The consequences of cheating

By Brittney Durbin

So today I did something awful…

I cheated on my hairstylist. 

And boy, it was quite the experience! Here’s the story:

So I wasn’t even going to get my hair done while in Spain, but last week I was using my hair straightener and the power converter failed me, thus causing a severe burning of the lower layer of my hair and the death of my $100 straightener.

R.I.P. my poor little chi.

Anyway, a few days ago my friend found this hair salon down the street and it looked like it would do the job well enough, so I made an appointment for this morning at 9 a.m.

However, when I showed up at 9 sharp, no one was there. So, I took a walk and came back about five minutes later.

By the time I returned, this older lady had come in (literally I was gone for FIVE minutes) and the hair dresser was already putting her color in!
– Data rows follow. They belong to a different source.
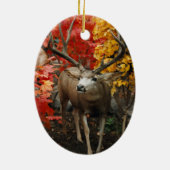 Trophy Deer Keramisch Ornament (Achterkant)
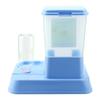 Automatic Pet Feeder Detachable Food Dispenser Water Bottle Cats Dogs Feeding Tool Pink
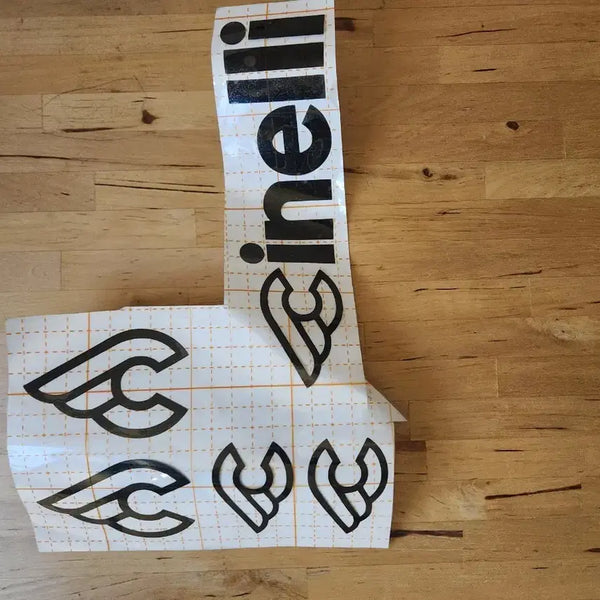 [BUNJANG] Cinelli Black Decal Sticker / 치넬리 블랙데칼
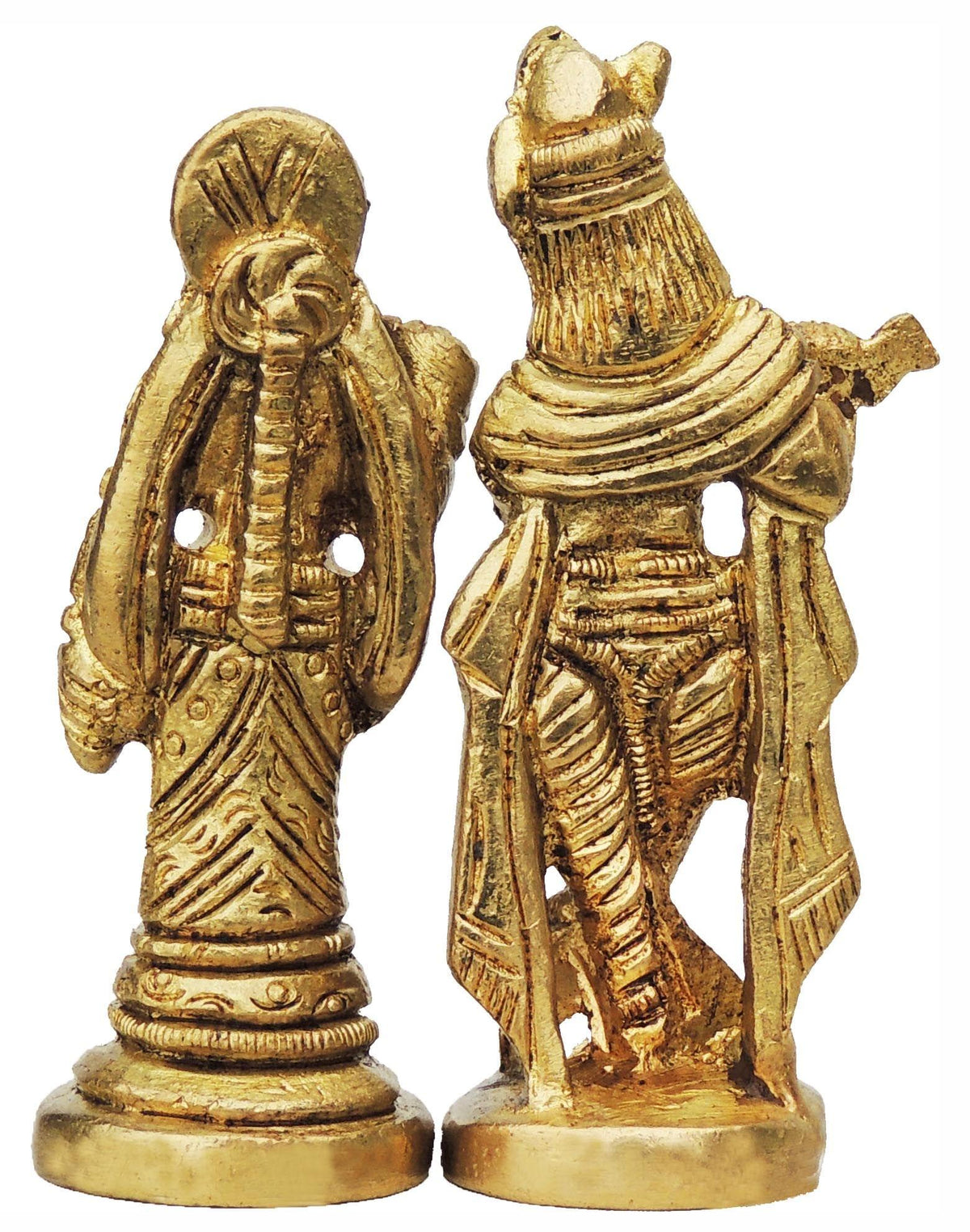 Brass Showpiece Radha Krishna God Idol Statue - 2*1*3 Inch (BS009)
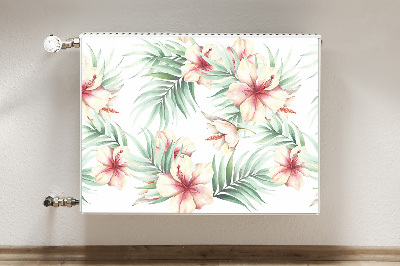 Magnetic radiator mat Hawaiian flowers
She didn’t even have an appointment!

So I waited and waited, and finally she got around to me.

To make an incredibly long story short (I just returned and it is about 11:30 a.m.) the hair dresser proceeded to do both of our hair at the same time, taking turns with one another. She also stopped to talk to her friends who came in on two different occasions, and when more people started arriving for their appointments, she quickly hurried through, chopping here and there and everywhere on my head.

Somehow she managed to make it look fine, but it definitely wasn’t the style nor the experience I was looking for. Then again, it only cost me 25 euros to get it cut and colored, so I guess you get what you paid for.

To the boys reading this, I apologize for rambling about hair, but I do have a point to this story, I promise.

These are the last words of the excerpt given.